J'écrase ma dernière clope contre le muret puis la jette rapidement. Le taff n'attend pas. Je salue d'un mouvement de tête le videur qui ne me regarde même pas puis retourne dans le Milady d'où une petite musique enivrante s'échappe. Dans le couloir, des dizaines de personnes discutent entre elles en buvant un verre ou en se remettant du rouge à lèvre avant de retourner à l'assaut des stripteaseurs qui font leur meilleur show sur scène. Certains me caressent le torse ou l'épaule quand je passe, intrigués par ma nudité et mes tatouages qui dansent sur ma peau. Je leur réponds d'un demi-sourire sans pour autant m'attarder, ma pause n'est pas complètement finie après tout.

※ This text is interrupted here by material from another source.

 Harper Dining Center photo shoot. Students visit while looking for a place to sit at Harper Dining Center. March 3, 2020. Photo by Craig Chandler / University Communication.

Les tags disparaissent pour que je débouche sur la salle principale bondée en ce lundi soir. Si New-York est le vrai trou de la luxure, ici on dirait plus une boite de nuit avec avantages. Mais dans tous les cas, Greyson y gagne.

Je me fraie un passage entre les tables et les corps qui se pressent autour des scènes puis j'arrive au couloir qui mène à nos vestiaires. Je m'y engouffre et me laisse tomber sur le premier banc à ma portée.

Je n'arrive pas à bosser aujourd'hui. Le souvenir d'hier, de Violet allongée dans ce lit d'hôpital, me hante depuis que je l'ai quittée. Si j'ai pu assimiler le fait qu'elle a un cancer, passer outre sa jambe amputée est plus difficile. Je n'imagine pas la douleur qu'elle a dû ressentir en se réveillant avec un bout d'elle-même disparut à jamais.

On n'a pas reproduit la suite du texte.